Then there is a problem of identifying the kind of inquiry the work purports to be. “I have tried to create a theory of expression in public by a process of interplay between history and theory” (p. 6). This “interplay” is then described by Sennett as a “dialectical inquiry,” a description which is misleading and which, in its understanding of “dialectical,” manages to be both embarrassing4 and trivial.5 If by a “theory” we mean a systematic explanation of a certain range of phenomena or an intellectual structure shaped to combine critical inquiry with a counter-conception of existence; if, in other words, it is a necessary condition of having a theory that it have a recognizable form (e.g., logical, empirical, or critical), the “theory” of The Fall of Public Man is one by courtesy alone: for its form consists of a series of images united by some metaphors.

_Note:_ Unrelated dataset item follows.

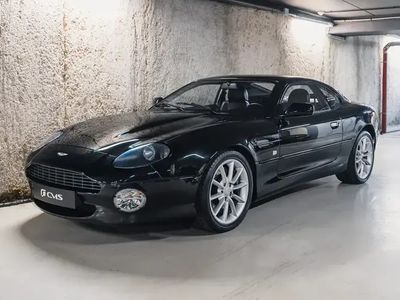 Noir Occasion 2003 Aston Martin DB7 Coupé | 59 900 €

The most engaging example of the systematic arbitrariness of the book occurs when its methods of historical selectivity are explained. Recognizing that his method jumps about somewhat breathlessly—one moment in London of the 1750s, then Paris; then to the Paris of 1848 before going back to Savonarola’s sixteenth-century Florence in order to go forward to Zola’s Paris—Sennett relies upon the procedure of “postholing,” which he attributes to some unidentified historians. Admittedly the method “loses in a certain kind of veracity,” but there is compensation in “the sweep of historical forces” and “some of the richness of detail which comes from delving into a specific moment” (p. 42).

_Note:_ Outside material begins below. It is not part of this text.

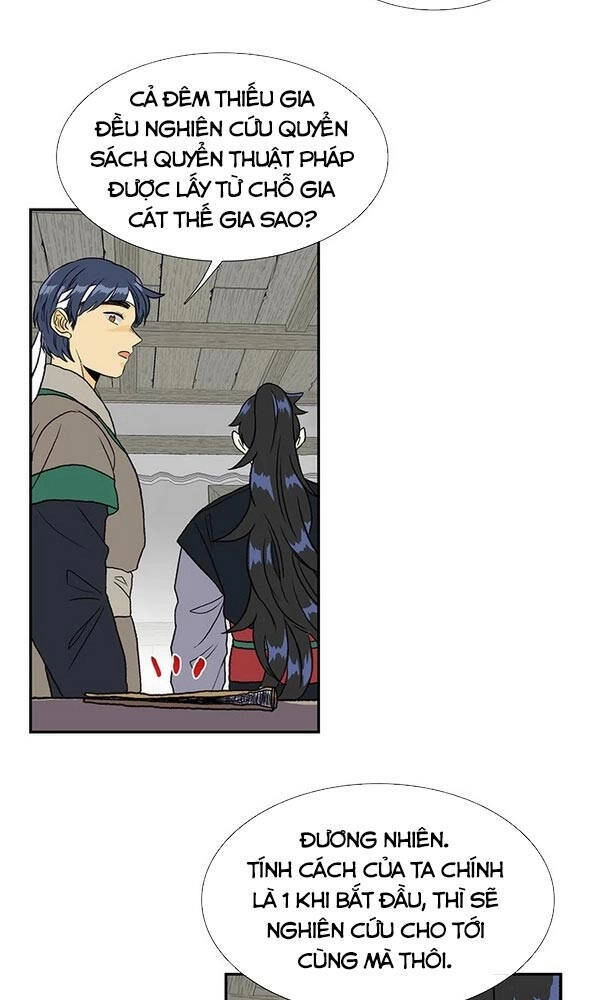 Học Sĩ Tái Sinh Chapter 145.5 - 4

While there is much to be said against the methodological fetishes of the social and behavioral sciences, Sennett does not say it; he simply follows the precept, “anything goes.”6 But the interesting thing is that, simultaneously, he is inveighing against public self-indulgence and extolling the virtues of rules, conventions, and impersonal standards. Sennett is thus an atheist about social science, but a Pascalian about society.

What might post-Weberian social science look like? If Sennett is a harbinger, it will start from the Weberian conception of an “interpretative” science which searches for patterns of meaning displayed in human action; then, while remaining interpretative, it will substitute the idea of “signs” for the idea of science, “codes” for patterns, and “acting” for action. There will be work for everybody: decoding codes which nobody has encoded. And after all of the “codes of belief and behavior” (p. 33), the “secular codes of immanent personality” (p. 253), of “hidden desires” (p. 259), and of “hidden agendas” (p. 260) have been exposed, the fundamental question will remain unanswered: why should I reject narcissistic indulgence in favor of public life? What is the moral and political position which persuades me that narcissism is wrong?

Code-work may postpone these questions, maybe even help to illuminate them; but it cannot answer them. It can, however, immobilize the questioner by suggesting that all moral and political positions of a systematic kind are themselves codes. And thus we shall have chalked ourselves inside the hermeneutic circle, which would be a heavy price to have paid for reducing jesting Pilate to silence and his question to nothing.